The defect problem has changed, not disappeared

The panellists do not see a general increase in construction defects. What has changed is the environment in which defects are managed. "Due to the increasing complexity and interconnectivity of technical systems, it now takes significantly longer for buildings to operate smoothly," said Gülen. Buildings are entering service with unresolved issues more frequently — not because build quality has deteriorated, but because time pressure has intensified. "In order to generate rental income more quickly, the time available for rectifying defects has become significantly shorter," noted Grabau.

The financial consequences are direct. Warranty disputes, insurance claims and handover defects arriving simultaneously — before income has stabilised — create operational drag precisely when investor budgets are most exposed. Rent reductions, delayed move-ins and early reputational damage can compound quickly. For large residential projects, the logistics of simultaneous handover of a hundred or more units represent a significant operational undertaking in their own right.

Getting property managers in early

The panel identified a structural shortcoming that is both common and avoidable: the late involvement of property and facility managers. In practice, managers are
frequently brought in only a few months before completion — too late to validate service charge calculations, too late to influence operational readiness and too late to establish the tenant communication processes that early occupiers depend on.
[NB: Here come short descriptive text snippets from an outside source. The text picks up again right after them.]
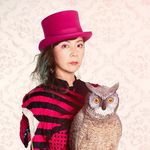 Profile Picture of Mayumi Hirata (@mayumi_hirata_photo) on Instagram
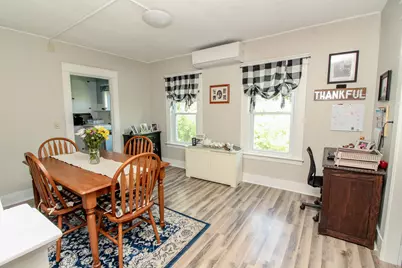 52 + 54 Summer Street, Dover Foxcroft, ME 04426 - Photo 29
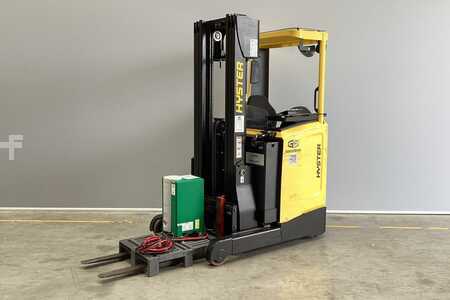 Retraky 2020  Hyster R1.2E (1)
"The ideal time to bring a property manager on board is right at the ground-breaking ceremony," said Nöske. "The service charge calculation must not only be plausible in the first month, but also still add up in the twelfth month. That only works if you already know the property well."

Hau underlined the documentation dimension: "It is important to ensure that the necessary data and documents are available in good time — above all the maintenance contracts that are chargeable to tenants. If these are missing at handover, the operational phase starts with a gap that is very difficult to close later." Gülen confirmed the investor perspective: "We need to identify any deviations from the calculations early on so that we can take corrective action."

For institutional investors underwriting new-build residential assets, the panel's conclusion was clear: commissioning is a distinct project phase with its own risk profile, not an administrative formality that follows construction. Early integration of property and facility managers, clear warranty management frameworks and structured defect triage are financial risk controls — not operational niceties.

As Germany's development pipeline continues to deliver assets into a more demanding financing environment, the margin for error in the operational phase has narrowed. Getting handover right is no longer just good practice. For assets where rental income projections are already under pressure, it is a prerequisite for meeting investor targets.